Tot slot wil ik graag het grote belang benadrukken van de daadwerkelijke handhaving van de in dit wetsvoorstel neergelegde strafbaarheid. Dit wetsvoorstel mag natuurlijk niet verworden tot een papieren tijger. Mijn fractie heeft bij verschillende eerdere gelegenheden haar zorgen geuit over de opsporing en vervolging bij discriminatiezaken. In 2002 werd ruim 30% van de discriminatiezaken geseponeerd. Er zijn voorbeelden bekend van mensen die aangifte wilden doen waarna de politie dit domweg ten sterkste ontraadde. Dat kan natuurlijk niet. Omdat we met dit wetsvoorstel de strafbaarstelling van discriminatie terecht uitbreiden, heb ik er behoefte aan de regering te vragen hoe het inmiddels gesteld is met de effectiviteit van de strafrechtelijke discriminatiebestrijding. Wat zijn de meest recente cijfers hierover en hoe functioneren inmiddels de expertisecentra bij de politie en het OM na een moeizame aanlooptijd? Zijn de politie en het OM voldoende geëquipeerd voor een krachtige bestrijding van discriminatie?

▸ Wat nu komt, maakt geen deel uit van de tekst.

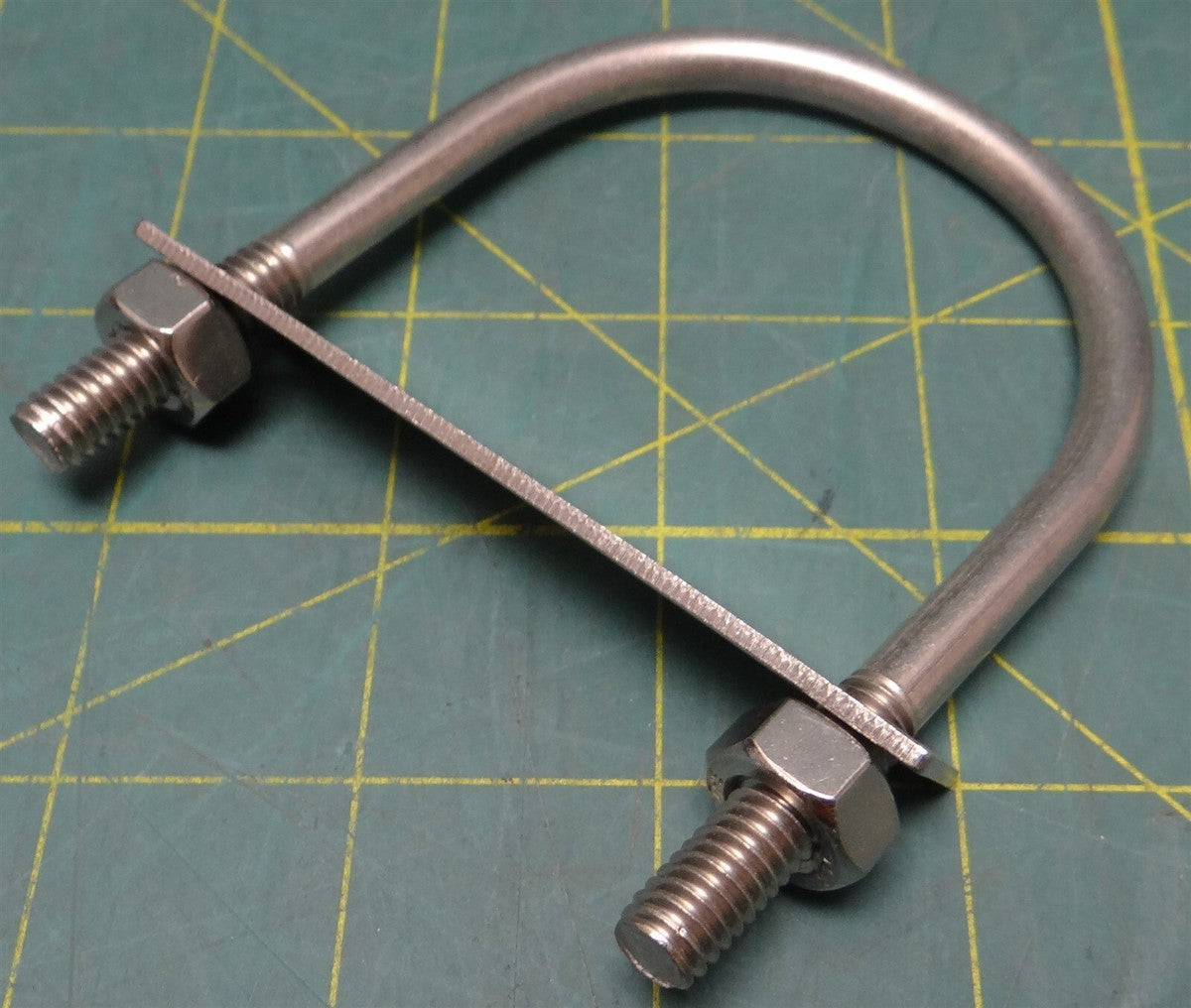 304 Stainless Steel U-Bolt with Mounting Plate, 3/8"-16 Thread Size, 2-1/2" ID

De heer Van der Staaij (SGP):

Mijnheer de voorzitter. "Een definitie van discriminatie? Als het mij wordt gevraagd weet ik het niet, als het mij niet wordt gevraagd weet ik het precies." Aldus oud-minister De Gaay Fortman vele jaren geleden. De strekking en de geest van zijn opmerking zijn herkenbaar. Daaruit valt ook mede te verklaren dat de wetgever nog steeds, zoals in een zoektocht, stapje voor stapje blijft werken aan een nadere invulling, precisering en uitwerking van wetgeving op het terrein van discriminatie. Een onderdeel van die nadere uitwerking hebben wij nu voor ons: de strafbaarstelling van discriminatie wegens een handicap.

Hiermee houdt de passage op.